Dryopteris × leedsii

Scientific classification
- Kingdom: Plantae
- Clade: Tracheophytes
- Division: Polypodiophyta
- Class: Polypodiopsida
- Order: Polypodiales
- Suborder: Polypodiineae
- Family: Dryopteridaceae
- Genus: Dryopteris
- Species: D. × leedsii
- Binomial name: Dryopteris × leedsii Wherry

= Dryopteris × leedsii =

- Genus: Dryopteris
- Species: × leedsii
- Authority: Wherry

Hybrid fern

Dryopteris × leedsii (Leeds' wood fern) is a hybrid fern native to eastern North America. It is the sterile offspring of the log fern (D. celsa) and the marginal wood fern (D. marginalis).

==Taxonomy==
The first known collection of Leeds' wood fern was in 1928 by E. J. Palmer near Shirley, Arkansas. The "Palmer Dryopteris" was frequently recognized as having some affinity to D. celsa, but its precise identy remained a mystery for many years. In 1931, Arthur N. Leeds discovered a large colony of hybrid wood ferns below the Conowingo Dam in Harford County, Maryland. It was initially thought to be the hybrid between Goldie's wood fern (D. goldieana) and D. marginalis. It was described as such and given the name D. × leedsii in 1942 by Edgar T. Wherry. The type specimen is a 1931 collection by Leeds deposited at the Academy of Natural Sciences of Philadelphia.
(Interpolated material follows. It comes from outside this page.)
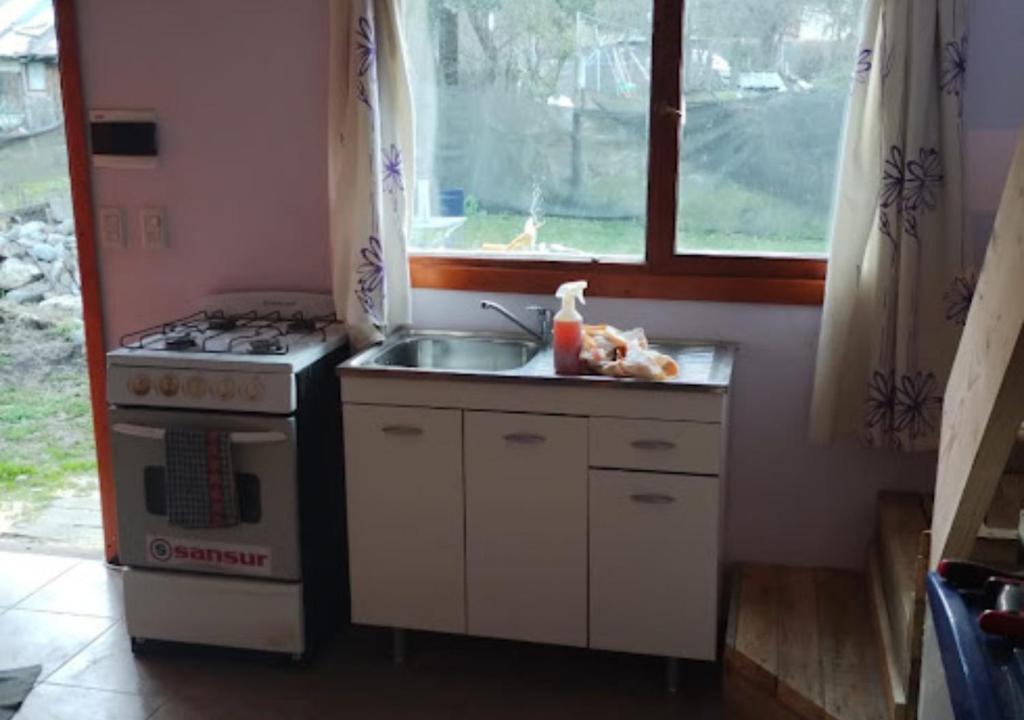 cocina con fregadero, fogones y ventana en La Casita del Oso en San Carlos de Bariloche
Further confusion was generated when samples gathered at the type site in 1954 were sent to Stanley Walker for chromosome counts, and proved to be a mixture of abortive-spored hybrids and fertile tetraploids. The fertile plants were taken to be allopolyploids formed by chromosome doubling of the hybrid, and described as Dryopteris wherryi in 1960. However, further work by Walker revealed that the hybrids, initially thought to be diploid, appeared to be largely triploid, which would not be expected of a D. goldieana and D. marginalis. (Note: Both D. goldieana and D. marginalis are diploid, so hybrids of a cross between them would normally be diploid, with a set of chromosomes from each species.) Furthermore, lack of chromosome pairing after artificial backcrossing suggested that D. wherryi was not an allopolyploid derived from D. marginalis. (Note: If half of the D. wherryi genome was recently derived from D. marginalis, those chromosomes would be expected to pair up during meiosis in a hybrid between the two.)

In 1963, Herb Wagner suggested that D. × leedsii was probably the triploid hybrid of D. marginalis and D. celsa (an allotetraploid) rather than D. goldieana on the basis of studies done with Wherry at the type locality. Wagner and his wife Florence also found a new station for the hybrid in Monroe County, New York in 1964. The Wagners concluded that the specimens described as "D. wherryi" were in fact D. celsa and parents to D. × leedsii, and described the true hybrid of D. goldieana and D. marginalis, from other locales, as D. × neowherryii. The hybrid was subsequently found in Pennsylvania, and the "Palmer Dryopteris" was rediscovered by Carl Taylor and Delzie Demaree in 1974 and confirmed to be D. × leedsii.

==Distribution and habitat==
The parents of Dryopteris × leedsii overlap broadly in range (if not habitat) in the eastern United States. The hybrid is known from New York, New Jersey, Pennsylvania, Maryland, and Virginia, and disjunctly in Arkansas.